Obviously a live tree that is allowed to grow from year to year is best – but we realise that most live trees are cut. Life cycle Analysis (LCA) of the American Christmas Tree Association 2011 showed that on a carbon basis, artificial trees are lower than real cut trees after 5y use. Trees in the UK are typically composted by local authorities (search 'Christmas recycling' which should pull up details of collections & collection points within your region) to make soil improvers, but this process releases about 50% of the CO2 sequestered. Be aware also that intensively farmed Christmas trees are often sprayed with chemicals, that are hardly supportive of biodiversity (look for Forest Stewardship Council approved trees)
All I Want for Christmas
The vast majority of us don’t keep our prizes from Christmas crackers much beyond the end of the meal; why not consider getting crackers with just the cheesy jokes and hats, making sure to recycle the paperand cardboard afterwards? Online shopping also saves stress and avoids unnecessary last second purchases at the checkout whilst reducing emissions from travelling! When wrapping those Christmas presents, consider reusing wrapping paper or making your own from magazines and newspapers around the house. Make sure to recycle wrapping paper and Christmas cards/ envelopes after Christmas.
Around 5 extra sackfuls of waste is produced per household - equivalent to an extra 1.4 tonnes CO2 over the Holiday Season more info.
Put Christmas tree lights and outside house lights on a timer so that they aren’t wasting electricity when you forget to turmn them off after a couple of sherries. Crack out your favourite Christmas jumper and turn down the heating by 1 degree which can save £42 each year for an average household gas bill of 12,500kWh. The heat from the turkey roasting in the oven on Christmas day will also provide extra heating to the house! Try and reduce TV time at Christmas by getting the whole family involved in interactive games or even going for a walk! Even by turning off your TV rather than leaving it on standby can reduce your energy bill.
Turning heating down 1oC saves £42 each year - that's 184kg CO2
O Little Star of Bethlehem
Choose LED lighting in your house and use / update to LED lights to light up your Christmas tree and outside your house and save money on your energy bill. LEDs can save up to 90% of lighting energy costs: using a standard light 100W bulb for 4 hours a day = £14.60/year but a low energy light bulb costs only £2.63/year.
Save 52kg CO2 per bulb per year
Did you make too much food you couldn’t eat and ended up binning it? Prepare and plan for the right amount of food to minimise waste! Though we don’t encourage 'BOGOF's if you do get one (two!) donate to a food bank. Simple and small things like letting people serve themselves so they only take what they want –rather than festive supersize will help prevent binning food.

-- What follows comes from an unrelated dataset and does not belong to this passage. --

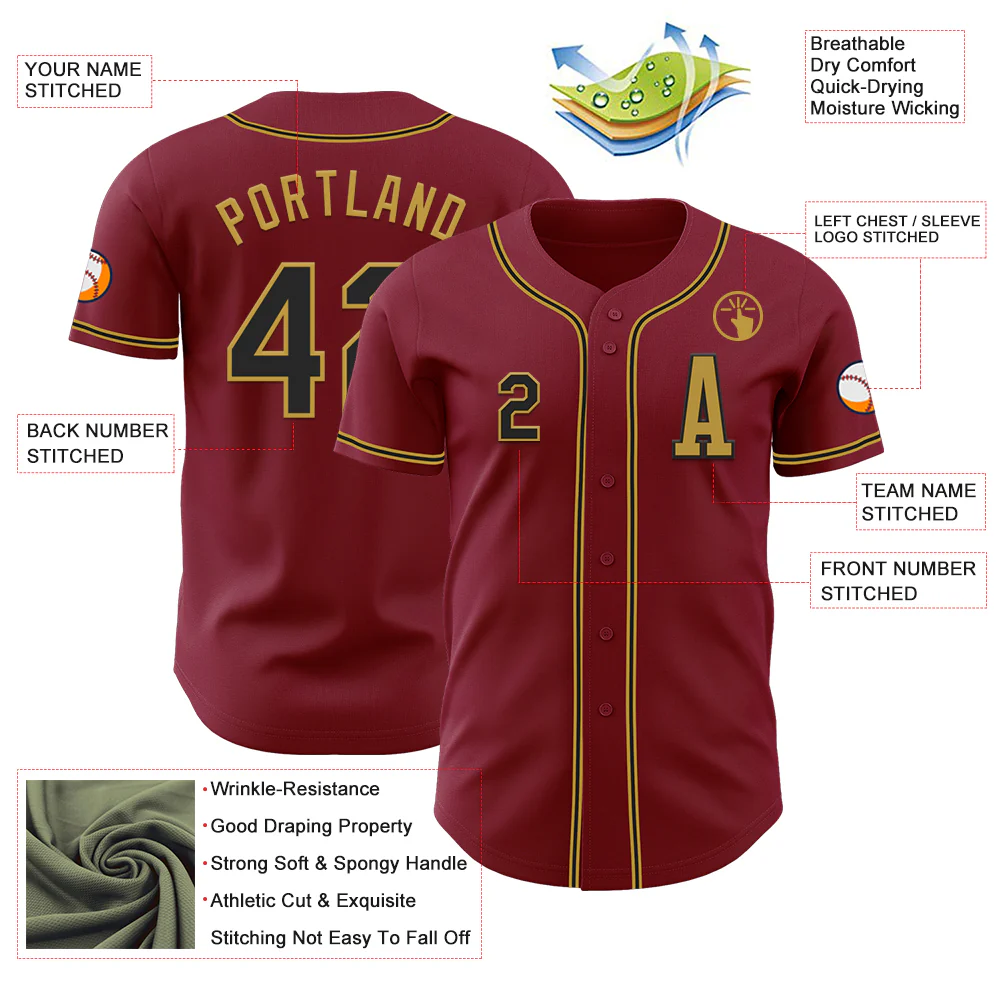 Custom Crimson Black-Old Gold Authentic Baseball Jersey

Last year 4.2 million Christmas dinners were reported wasted across the United Kingdom - said The Independent. The figure is the equivalent to 263,000 turkeys; 7.5 million mince pies; 740,000 slices of Christmas pudding; 17.2 million Brussels sprouts; 11.9 million carrots and 11.3 million roast potatoes.
Chestnuts roasting on an Open Fire
Or anything else cooking? Prepare and cook food in decent sized batches to make the most of hot oven. Don't leave the oven on when you don't need it - you will be just wasting energy. Make sure you choose the right cookware for the job (glass and ceramics are best for the oven, copper based pans for the hob). Also consider steam cooking those controversial sprouts and other vegetables as you can cook them all at the same time, it’s healthier and requires less energy to cook all at once.
Do They Know It’s Christmas
If you get something you wouldn't have chosen as your first choice (or you have already) - can you re-gift items to your local charity for those more in need to enjoy. For the homeless and the elderly Christmas can be a difficult time - your donations and also your time volunteering are valuable to organisations such as Crisis and AgeUK to name but two. Go on-line and see how your time can make a huge difference.
Happy New Year… Happy New Year
Make a Low Carbon resolution and stick to it – start by Measuring your Carbon Footprint and make a pledge of how much you will save in 2017.